Content spending of selected media and streaming companies worldwide in 2024 and 2026
The world's largest media and entertainment companies collectively invested a record $210 billion in content in 2024, a 4% increase from 2023 and a 48% increase from 2020, according to KPMG's November 2025 "Money in Motion" report (Variety).
The industry has grown at a 10% compound annual growth rate since 2020, driven by the streaming wars forcing companies to simultaneously fund traditional linear TV operations and new streaming platforms. In 2024, traditional media giants led the ranking: Comcast ($37B), YouTube ($32B), and Disney ($28B) occupied the top three positions, all significantly ahead of pure-play streamers.
The DTC profitability context for this spending is in our DTC segment revenue, expenses and profit analysis.
Of the $210 billion total, approximately $40 billion was directed specifically at streaming platforms (Disney+, Peacock, Max, Paramount+ etc.), meaning approximately 81% of content investment still flows to traditional linear TV, theatrical, and sports.
This ratio is shifting rapidly: Ampere Analysis forecasts streaming-only content spending reaching $101 billion in 2026, implying the streaming share of total content investment will exceed 40% for the first time.
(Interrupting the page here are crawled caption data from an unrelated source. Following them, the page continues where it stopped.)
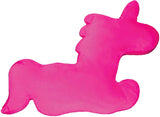 Unicorn Glitter Microbead Pillow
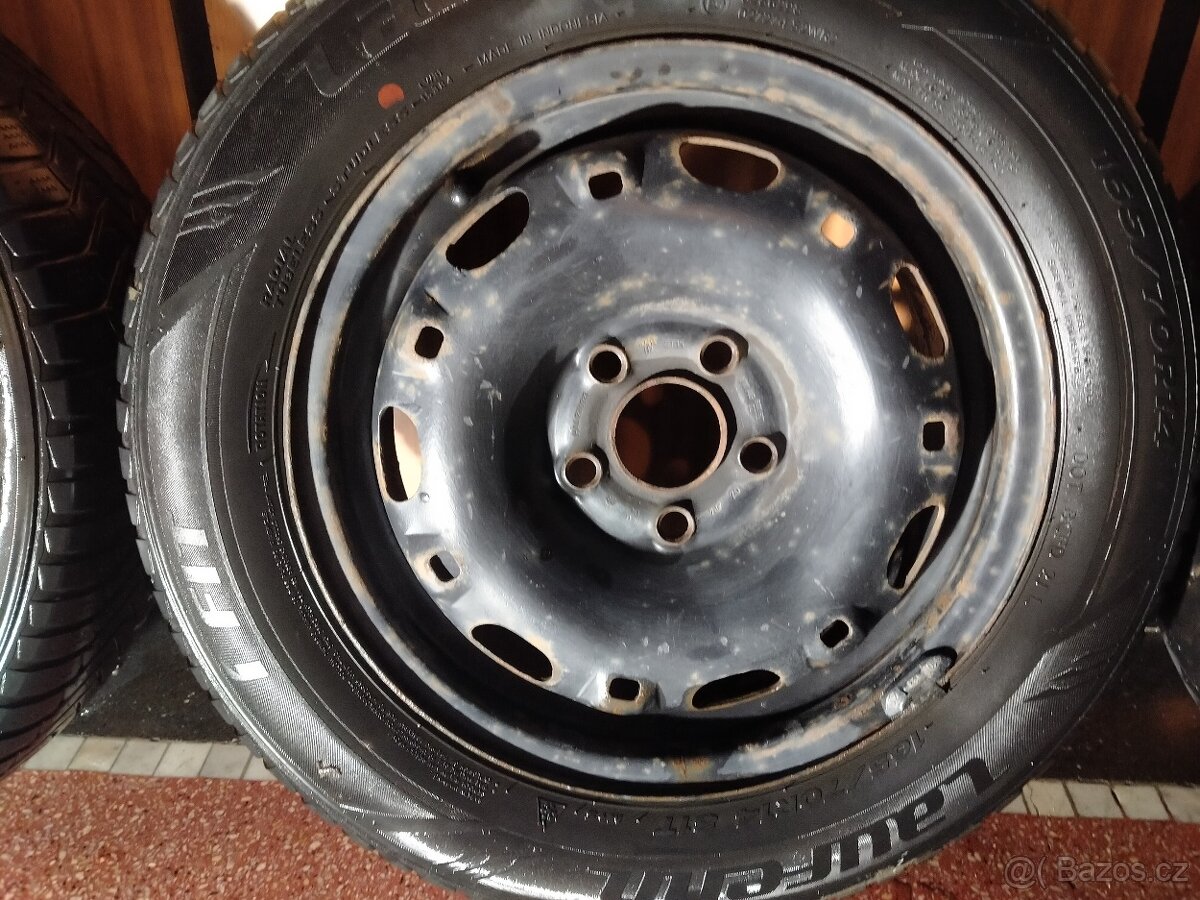 Ocelové disky 5J x 14, 5x100, ET 35 - 4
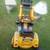 kids' 12V ride-on construction vehicle, specifically an excavator or 3 thumbnail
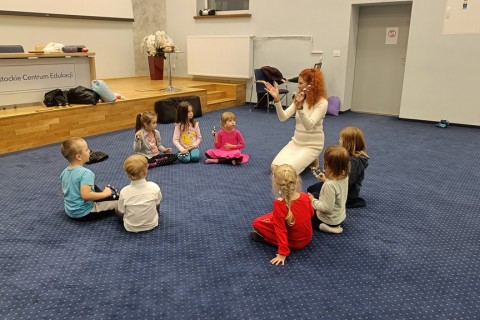 Zajęcia umuzykalniające dla dzieci w wieku 4-5 lat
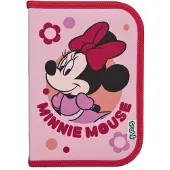 Undercover Federmappe Disney Minnie Mouse Mädchen - Gefülltes Schüleretui mit Inhalt Stiften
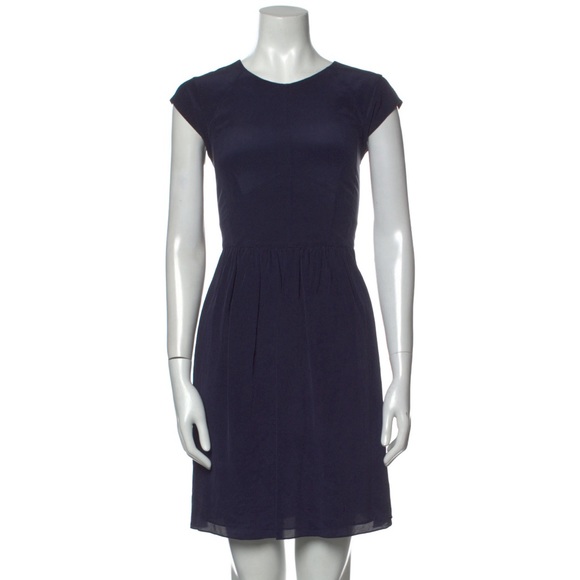 Rebecca Taylor Silk Mini Dress - Picture 1 of 3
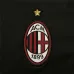 Camiseta retro de visita de la Liga de Campeones UEFA 2002/03 del AC Milan - Negra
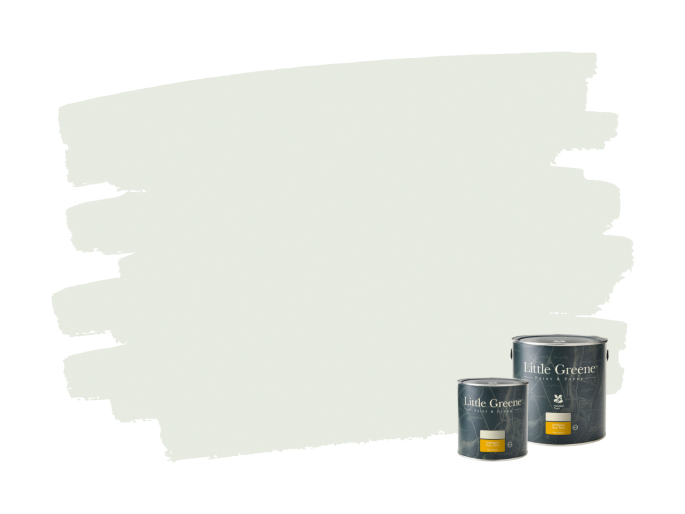 Little Greene Intelligent Floor Paint - Pearl Colour Pale 167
The split between traditional and streaming investment explains why Comcast ($37B total) and Disney ($28B total) rank above Netflix ($17B) despite Netflix being the world's leading pure-play streaming service. The subscriber base context for these investments is in our SVOD subscribers worldwide analysis.
Content Spending Ranking — Full Data Table 2024 and 2026 Estimates
The table below shows confirmed 2024 content spending and 2026 estimates for major media companies. 2024 figures from KPMG (Variety, November 2025). 2026 estimates from company guidance and MoffettNathanson. Click to sort. The ad-supported streaming context for this investment is in our ad-supported VOD analysis.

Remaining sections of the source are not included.